Data ▸
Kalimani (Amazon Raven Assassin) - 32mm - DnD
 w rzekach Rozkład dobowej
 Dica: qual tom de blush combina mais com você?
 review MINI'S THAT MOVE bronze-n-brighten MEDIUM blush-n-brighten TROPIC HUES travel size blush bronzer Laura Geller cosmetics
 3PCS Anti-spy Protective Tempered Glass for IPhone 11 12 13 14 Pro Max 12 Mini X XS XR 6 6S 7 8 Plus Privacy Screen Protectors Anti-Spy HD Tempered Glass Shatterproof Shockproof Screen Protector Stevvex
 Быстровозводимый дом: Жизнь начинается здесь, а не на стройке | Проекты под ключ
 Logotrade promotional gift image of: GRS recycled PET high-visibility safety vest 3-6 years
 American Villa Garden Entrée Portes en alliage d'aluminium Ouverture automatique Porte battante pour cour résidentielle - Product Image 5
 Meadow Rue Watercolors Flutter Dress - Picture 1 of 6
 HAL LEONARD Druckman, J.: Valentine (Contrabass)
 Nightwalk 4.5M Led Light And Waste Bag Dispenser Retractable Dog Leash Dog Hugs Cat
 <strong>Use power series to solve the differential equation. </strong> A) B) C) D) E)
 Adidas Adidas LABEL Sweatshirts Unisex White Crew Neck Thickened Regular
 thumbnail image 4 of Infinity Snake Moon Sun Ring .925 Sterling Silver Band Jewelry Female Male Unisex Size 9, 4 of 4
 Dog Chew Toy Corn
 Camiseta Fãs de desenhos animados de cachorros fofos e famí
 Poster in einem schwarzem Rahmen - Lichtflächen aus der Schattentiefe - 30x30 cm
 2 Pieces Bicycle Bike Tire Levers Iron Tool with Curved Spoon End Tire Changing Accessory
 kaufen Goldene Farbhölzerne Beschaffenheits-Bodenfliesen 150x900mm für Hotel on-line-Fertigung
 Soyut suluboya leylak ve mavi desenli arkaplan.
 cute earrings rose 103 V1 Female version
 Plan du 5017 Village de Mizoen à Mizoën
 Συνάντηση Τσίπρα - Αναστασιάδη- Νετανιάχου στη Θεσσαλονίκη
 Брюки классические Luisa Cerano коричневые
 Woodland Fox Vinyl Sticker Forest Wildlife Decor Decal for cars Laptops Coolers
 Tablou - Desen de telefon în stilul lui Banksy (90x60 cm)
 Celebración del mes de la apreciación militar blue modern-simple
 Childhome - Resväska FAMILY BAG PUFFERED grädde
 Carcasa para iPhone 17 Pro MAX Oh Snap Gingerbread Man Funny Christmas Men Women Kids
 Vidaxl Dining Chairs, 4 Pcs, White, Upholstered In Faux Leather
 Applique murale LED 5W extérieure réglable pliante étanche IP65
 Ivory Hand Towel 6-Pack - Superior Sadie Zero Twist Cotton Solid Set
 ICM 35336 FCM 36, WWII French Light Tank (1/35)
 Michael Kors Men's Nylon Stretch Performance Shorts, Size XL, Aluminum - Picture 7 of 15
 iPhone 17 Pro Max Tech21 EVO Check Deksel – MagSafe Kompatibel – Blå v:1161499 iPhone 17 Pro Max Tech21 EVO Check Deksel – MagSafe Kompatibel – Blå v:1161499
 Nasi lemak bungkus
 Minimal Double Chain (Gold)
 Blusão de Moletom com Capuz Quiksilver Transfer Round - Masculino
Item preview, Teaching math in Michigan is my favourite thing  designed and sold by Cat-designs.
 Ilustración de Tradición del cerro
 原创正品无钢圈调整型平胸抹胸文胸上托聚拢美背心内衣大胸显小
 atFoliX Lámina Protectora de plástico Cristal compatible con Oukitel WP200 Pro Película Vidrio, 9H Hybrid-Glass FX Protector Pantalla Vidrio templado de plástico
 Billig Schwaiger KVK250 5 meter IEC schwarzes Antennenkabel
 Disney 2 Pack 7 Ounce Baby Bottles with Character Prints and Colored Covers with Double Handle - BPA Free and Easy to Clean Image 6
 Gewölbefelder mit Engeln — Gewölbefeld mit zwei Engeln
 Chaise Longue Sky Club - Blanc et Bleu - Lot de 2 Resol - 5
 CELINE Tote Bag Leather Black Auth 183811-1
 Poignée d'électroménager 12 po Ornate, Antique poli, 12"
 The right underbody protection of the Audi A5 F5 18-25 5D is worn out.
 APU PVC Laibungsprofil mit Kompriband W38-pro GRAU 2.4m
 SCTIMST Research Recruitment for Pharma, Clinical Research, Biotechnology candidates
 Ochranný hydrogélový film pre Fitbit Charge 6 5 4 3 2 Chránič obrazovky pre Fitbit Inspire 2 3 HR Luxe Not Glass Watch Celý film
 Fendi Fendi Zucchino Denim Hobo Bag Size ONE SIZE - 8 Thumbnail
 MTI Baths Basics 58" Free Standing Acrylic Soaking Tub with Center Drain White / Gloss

What you are asked to do ▸
Output the full listing above without altering a single word.

Answer to the exercise ▸
Kalimani (Amazon Raven Assassin) - 32mm - DnD
 w rzekach Rozkład dobowej
 Dica: qual tom de blush combina mais com você?
 review MINI'S THAT MOVE bronze-n-brighten MEDIUM blush-n-brighten TROPIC HUES travel size blush bronzer Laura Geller cosmetics
 3PCS Anti-spy Protective Tempered Glass for IPhone 11 12 13 14 Pro Max 12 Mini X XS XR 6 6S 7 8 Plus Privacy Screen Protectors Anti-Spy HD Tempered Glass Shatterproof Shockproof Screen Protector Stevvex
 Быстровозводимый дом: Жизнь начинается здесь, а не на стройке | Проекты под ключ
 Logotrade promotional gift image of: GRS recycled PET high-visibility safety vest 3-6 years
 American Villa Garden Entrée Portes en alliage d'aluminium Ouverture automatique Porte battante pour cour résidentielle - Product Image 5
 Meadow Rue Watercolors Flutter Dress - Picture 1 of 6
 HAL LEONARD Druckman, J.: Valentine (Contrabass)
 Nightwalk 4.5M Led Light And Waste Bag Dispenser Retractable Dog Leash Dog Hugs Cat
 <strong>Use power series to solve the differential equation. </strong> A) B) C) D) E)
 Adidas Adidas LABEL Sweatshirts Unisex White Crew Neck Thickened Regular
 thumbnail image 4 of Infinity Snake Moon Sun Ring .925 Sterling Silver Band Jewelry Female Male Unisex Size 9, 4 of 4
 Dog Chew Toy Corn
 Camiseta Fãs de desenhos animados de cachorros fofos e famí
 Poster in einem schwarzem Rahmen - Lichtflächen aus der Schattentiefe - 30x30 cm
 2 Pieces Bicycle Bike Tire Levers Iron Tool with Curved Spoon End Tire Changing Accessory
 kaufen Goldene Farbhölzerne Beschaffenheits-Bodenfliesen 150x900mm für Hotel on-line-Fertigung
 Soyut suluboya leylak ve mavi desenli arkaplan.
 cute earrings rose 103 V1 Female version
 Plan du 5017 Village de Mizoen à Mizoën
 Συνάντηση Τσίπρα - Αναστασιάδη- Νετανιάχου στη Θεσσαλονίκη
 Брюки классические Luisa Cerano коричневые
 Woodland Fox Vinyl Sticker Forest Wildlife Decor Decal for cars Laptops Coolers
 Tablou - Desen de telefon în stilul lui Banksy (90x60 cm)
 Celebración del mes de la apreciación militar blue modern-simple
 Childhome - Resväska FAMILY BAG PUFFERED grädde
 Carcasa para iPhone 17 Pro MAX Oh Snap Gingerbread Man Funny Christmas Men Women Kids
 Vidaxl Dining Chairs, 4 Pcs, White, Upholstered In Faux Leather
 Applique murale LED 5W extérieure réglable pliante étanche IP65
 Ivory Hand Towel 6-Pack - Superior Sadie Zero Twist Cotton Solid Set
 ICM 35336 FCM 36, WWII French Light Tank (1/35)
 Michael Kors Men's Nylon Stretch Performance Shorts, Size XL, Aluminum - Picture 7 of 15
 iPhone 17 Pro Max Tech21 EVO Check Deksel – MagSafe Kompatibel – Blå v:1161499 iPhone 17 Pro Max Tech21 EVO Check Deksel – MagSafe Kompatibel – Blå v:1161499
 Nasi lemak bungkus
 Minimal Double Chain (Gold)
 Blusão de Moletom com Capuz Quiksilver Transfer Round - Masculino
Item preview, Teaching math in Michigan is my favourite thing  designed and sold by Cat-designs.
 Ilustración de Tradición del cerro
 原创正品无钢圈调整型平胸抹胸文胸上托聚拢美背心内衣大胸显小
 atFoliX Lámina Protectora de plástico Cristal compatible con Oukitel WP200 Pro Película Vidrio, 9H Hybrid-Glass FX Protector Pantalla Vidrio templado de plástico
 Billig Schwaiger KVK250 5 meter IEC schwarzes Antennenkabel
 Disney 2 Pack 7 Ounce Baby Bottles with Character Prints and Colored Covers with Double Handle - BPA Free and Easy to Clean Image 6
 Gewölbefelder mit Engeln — Gewölbefeld mit zwei Engeln
 Chaise Longue Sky Club - Blanc et Bleu - Lot de 2 Resol - 5
 CELINE Tote Bag Leather Black Auth 183811-1
 Poignée d'électroménager 12 po Ornate, Antique poli, 12"
 The right underbody protection of the Audi A5 F5 18-25 5D is worn out.
 APU PVC Laibungsprofil mit Kompriband W38-pro GRAU 2.4m
 SCTIMST Research Recruitment for Pharma, Clinical Research, Biotechnology candidates
 Ochranný hydrogélový film pre Fitbit Charge 6 5 4 3 2 Chránič obrazovky pre Fitbit Inspire 2 3 HR Luxe Not Glass Watch Celý film
 Fendi Fendi Zucchino Denim Hobo Bag Size ONE SIZE - 8 Thumbnail
 MTI Baths Basics 58" Free Standing Acrylic Soaking Tub with Center Drain White / Gloss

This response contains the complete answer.